Ms Diana R. Johnson: The worrying thing for me as a Minister is that we do not have full data sets; we do not know about who is educating their children at home. The figures that we are looking at-perhaps 20,000 or 25,000-are estimates. There was work done by York Consulting a few years ago, trying to give figures, and even that body found it difficult. So, I think it would be very helpful to know who is home educating and what numbers we are actually talking about, and then as a Government we can feel confident that we know who these children are and be satisfied that they are getting a good education.

The only worrying thing here is that these people think they have a right to measure everything. Do they imagine, because ‘they do not have data’ that they should be measuring the amount of food children eat? Perhaps they do, and the only reason why they do not legislate for it is that it is not technically feasible. As a Government, you need to fell confident that you are properly serving the people who are already in your schools. This cannot be overstated. You are FAILING to educate millions of children.

Chairman: That does seem sensible. Annette, back to you.

It only seems sensible to people without morals or common sense.

Q25 Annette Brooke: I want to probe on registration and I will perhaps put my cards on the table: I am actually in favour of a simple registration scheme because I don’t want children disappearing below the radar.

This is nonsense reasoning, driven by a complete misunderstanding of what Home Education is. Home Educated children are NOT BELOW THE RADAR. They are known to their doctors, their community etc etc. This is just nonsense, and what infuriates Home Educators is that these ignorant people trot out this crap and are never pulled up on it at the time they are spewing it.

I think that point is important. However, I wonder if we could just look a bit at the applications for registration. Surely it is going to be fairly clear-cut that a local authority will have a right to refuse registration on the grounds of child protection, and presumably there will be a right of appeal because that would be a British justice situation. Can I ask you about the appeals process that might have been thought of?

Call it what it is, licensing. They will not have the ‘right’ to refuse licensing, they will have the POWER to refuse. There is nothing simple about a ‘registration’ (licensing) scheme; only a simple minded person would put it in those terms, or someone who does not want the true nature of this to be revealed too early. Just ask the people who were forced to write down their religion fifty years ago, or the people in South Africa about ‘simple registration’ schemes.

Ms Diana R. Johnson: I think you are absolutely right in that any process that is set up needs to be fair.

Utter nonsense. It is in no way ‘fair’ that parents should have to license their families with the state, and then be subject to a possible refusal.

We all know that having a right to appeal would be part of the fairness of any procedure.
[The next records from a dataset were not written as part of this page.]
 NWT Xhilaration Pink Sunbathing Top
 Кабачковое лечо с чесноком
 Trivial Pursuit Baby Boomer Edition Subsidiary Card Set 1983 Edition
These matters are out for consultation, which does not end until 19 October. Therefore, I am not at this stage able to give you any definitive view about how an appeals procedure would work. All I can say is that being fair would obviously be a key part of any procedure created.

No one believes any of this is fair, representative, democratic or just. And that is a FACT.

[…]

Q29 Mr. Pelling: Could the flexibility go so far as to drop the idea of registration and just have the approach that there should be an obligation to receive advice? Could you go that far in terms of flexibility?

‘An obligation to receive advice’ I have never heard of such a thing, but if it means that you would be sent a letter upon de-registering from school, well that would be perfect. After having received the advice, you can then freely, without interference, discard it and get on with educating your children.

Ms Diana R. Johnson: I would say on that point that the reason why local authorities need to have numbers on how many children are being home educated in their local authority area is so that they can plan services and make resources available. That would be very difficult if you did not actually know how many children were being home educated. That is part of the problem that local authorities are describing to us at the moment-they do not actually know.

Once again, we see how this sham operates. They create a false need for information that makes licensing a prerequisite. After everyone is registered, then they can start to put the links into the chains of total control.

Once you accept the position that the state has no business interfering with HE, then the ‘problem’ of knowing how many there are becomes moot. And councils do not need to know how many HE families are in their catchment areas; as I said above, if HE families are given access to exam centres, the students would have to be registered well in advance of any exams they were going to take, this would give everyone concerned more than enough time to make accommodations. But this is not about accommodating anyone but the state, its functionaries and its most sinister elements who want unsupervised access to children.

Q30 Mr. Pelling: But there is a sanction, is there not, in terms of the local authority having gone through its registration process?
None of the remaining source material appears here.